Every year since 1948, Gallup has polled Americans to find out what man and what woman they most admire. As you might expect, incumbent or sitting presidents and First Ladies usually top the list (one notable exception: Donald Trump only topped the list once, in 2020). Barack Obama and Dwight Eisenhower tie for the most selections as most admired man (each chosen 12 times), followed by a tie between Ronald Reagan and Bill Clinton (8 times). As for most admired woman, Hillary Clinton has been chosen 22 times, dramatically surpassing Eleanor Roosevelt (13), Margaret Thatcher (6) and Jacqueline Kennedy (5).
Maybe the more interesting poll was in 1999, when Gallup surveyed the most admired person of the 20th Century. Topping the list was Mother Teresa, followed by Martin Luther King, Jr., John F. Kennedy, Albert Einstein and Helen Keller. (The next five: Franklin D. Roosevelt, Billy Graham, Pope John Paul II, Eleanor Roosevelt and Winston Churchill.) Note the difference: This list did not just consist of who was admired and in power, but also extraordinary people whose accomplishments touch us at a human level. I’m thinking particularly about Mother Teresa and Helen Keller.

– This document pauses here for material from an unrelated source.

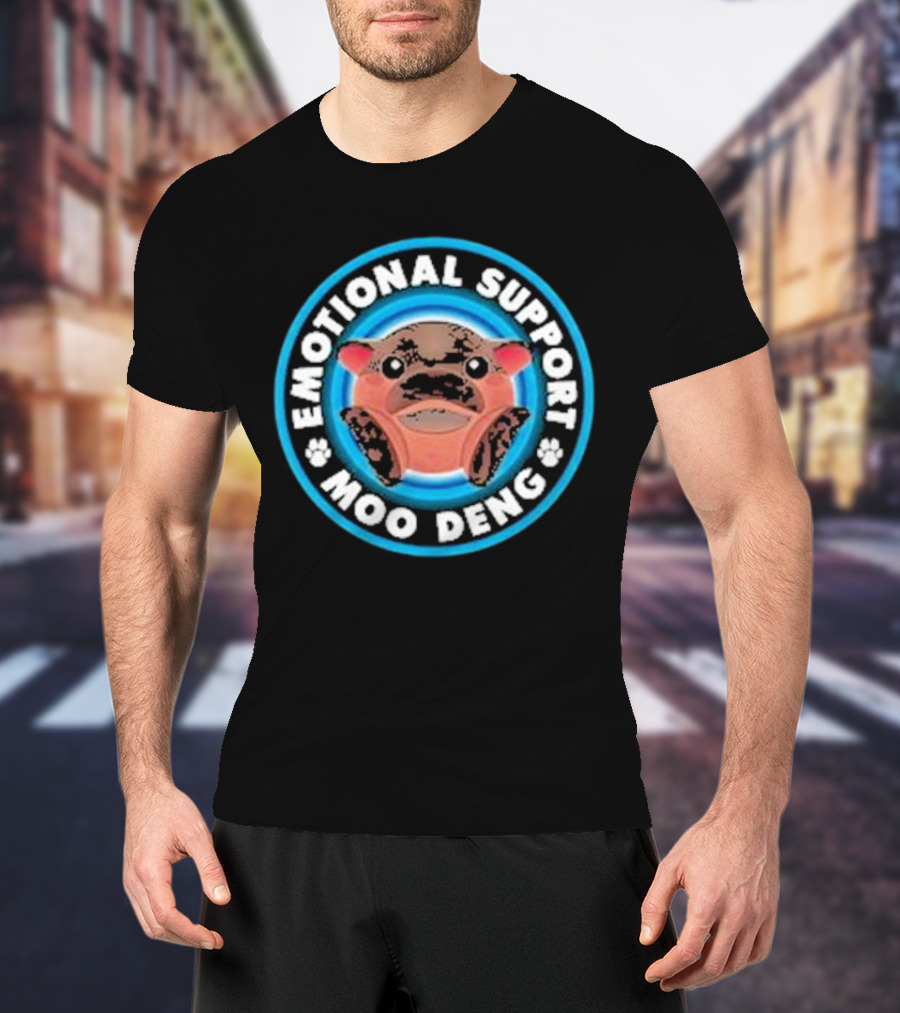 Emotional Support Moo Deng Hippo Badge T-Shirt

I admit that many of my dispatches have focused on some of the least admirable people among us, with the belief that by shining a light on them we can work to make things better. But this discussion thread is a chance to think differently and reflect on who among us deserve the spotlight for their admirable qualities. So here’s the question: Who do you admire most—and why? Feel free to mention people we all know, but also don’t hesitate to share someone who is not famous (perhaps a friend or a family member) yet possesses the qualities that you most admire. My hope: We can be reminded of admirable people and remember the kind of qualities that can improve our world.